In 2004, a hydraulic clearance optimization system was integrated into the design of the turbine. This feature uses the hydraulics system to drive the motion of the rotor in the axial direction to reduce the gap between the turbine blades and the casing after the turbine has warmed up. This operation minimizes internal gas recirculation, improving the overall efficiency of the machine, said the company. Siemens considers the SGT5-4000F its workhorse. Since its introduction, 240 units of this turbine have been sold, and more than 200 of them are in service.
The great majority of these turbines are operated in plants with a combinedcycle configuration, and among these, 73 are SCC5-4000F1S single-shaft units. Altogether, gas turbines of this type have accumulated a total of 4.7 million equivalent operating hours (EOH), with the leading machine surpassing 100 000 EOH. The average fleet reliability is over 99%, Siemens said.
The other two core components of the single-shaft train are the generator, placed in the middle, and the steam turbine on the opposite end. The SGen5-2000H generator is hydrogen cooled. The SST5-5000 steam turbine features a double casing (combined high pressure/ intermediate pressure and doubleflow low pressure) with reheating. It operates at 3000 r/min and has a gross output range between 120 and 500 MW, depending on the plant configuration.
Transportation of these components to the Timelkam site was a challenge. The gas turbine, after being fully assembled for testing in Berlin, was disassembled in several modules for transportation. The steam turbine casings were shipped from the Mülheim an der Ruhr, Germany, plant by waterway and train. While the 350 ton, 12 m long generator built in Charlotte, North Carolina, U.S.A., after being shipped across the Atlantic, traveled from Antwerp, Belgium, to Linz, Austria, on the Rhine-Main-Danube Canal and then on a specially built, 64 m long, 32-axle train car from Linz to the plant site.
Another major piece of equipment is the vertical HRSG with a NOx catalytic converter, which was delivered by Austrian company Balcke-Dürr, which was recently acquired by Siemens. In
addition to the auxiliary and secondary equipment, Siemens delivered the electric systems and the SPPA-T3000 control system and then integrated them into the customer’s systems.
Interface problems were minimized by commissioning Siemens ELIN to install the entire technical building system.
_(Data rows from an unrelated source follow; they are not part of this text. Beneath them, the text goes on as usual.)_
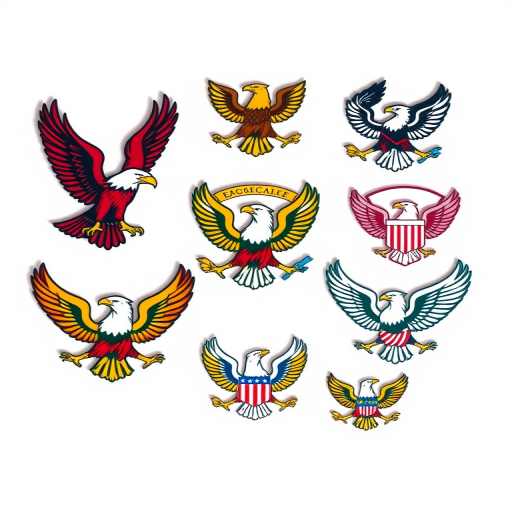 Generate a high-resolution image of various eagle emblems and logos, using a digital camera with a 50mm lens, aperture f/8, ISO 100, in a flat lay view, ensuring vibrant colors and sharp details in a clean composition.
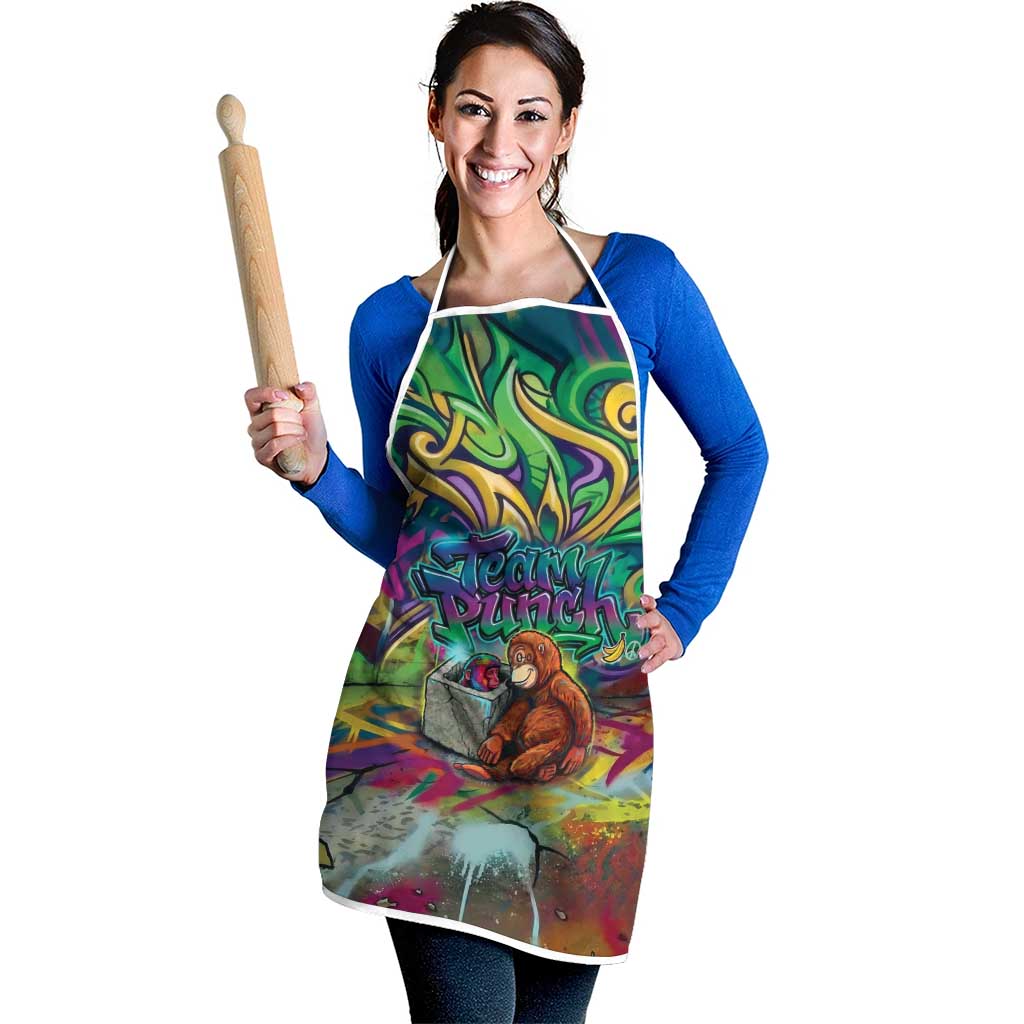 Team Punch The Monkey Apron Baby Monkey Stay Strong Graffiti Style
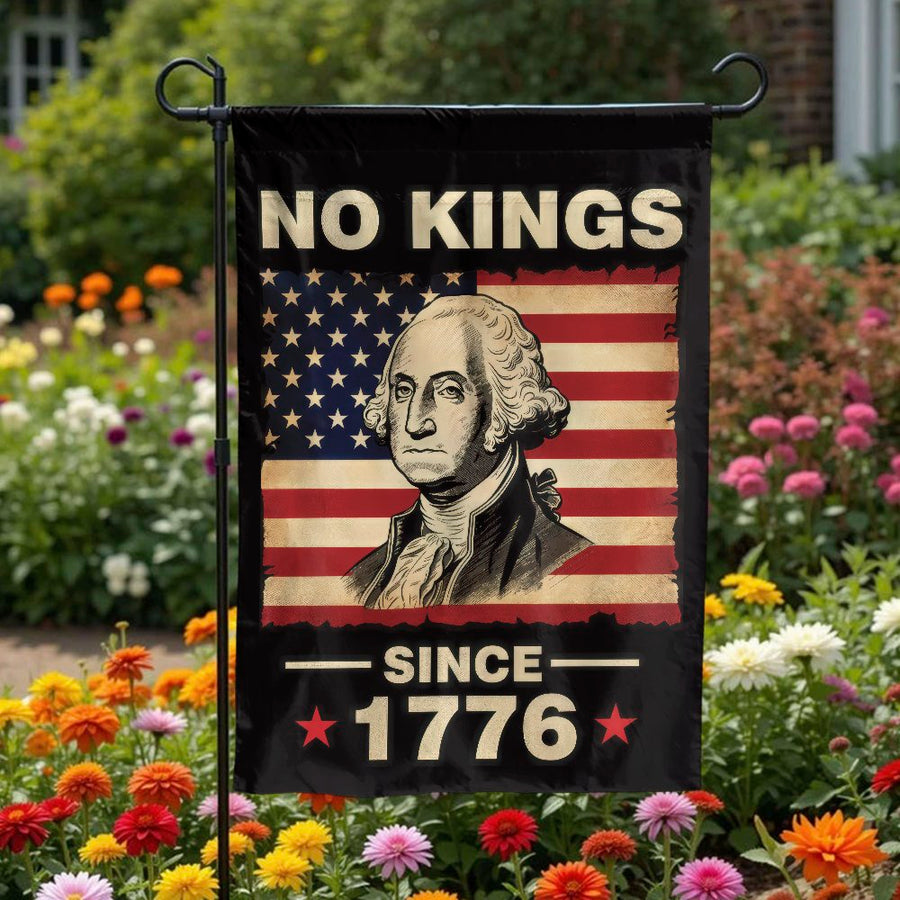 No Kings Since 1776 Garden Flag | Vintage George Washington US Flag Design | Premium Weather-Resistant Polyester | Patriotic Independence Day Outdoor Decor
The new Timelkam plant not only produces electricity for about 700 000 households, it also delivers up to 100 MW of heat to a district heating system. The heat grid extends for 166 km to serve 4860 “heat customers.”
The 50 MJ/s of heat is extracted from the outlet of the intermediate steam turbine casing, which provides steam at 3.7 bar and 270°C. The second extraction, from the low-pressure casings, supplies steam at 1.2 bar and 150°C. The condensate from the heaters is fed back into the condensate line downstream the main condensate pumps.
The steam extraction of 50 MJ/s corresponds to roughly 240 kg/s fed into the district heating system, reducing the electric power output by about 5 MW. Siemens has been providing heat to
district heating systems from singleshaft combined-cycle plants since building the Donaustadt 3 plant in Vienna, Austria, 10 years ago. Construction of the Timelkam combined-cycle plant involved a total of 725 876 man-hours. At peak times, a workforce of more than 800 was
employed at the site. Timelkam CC, the plant operator, signed a 12-year, US$96 million maintenance contract for the gas turbine unit with Siemens.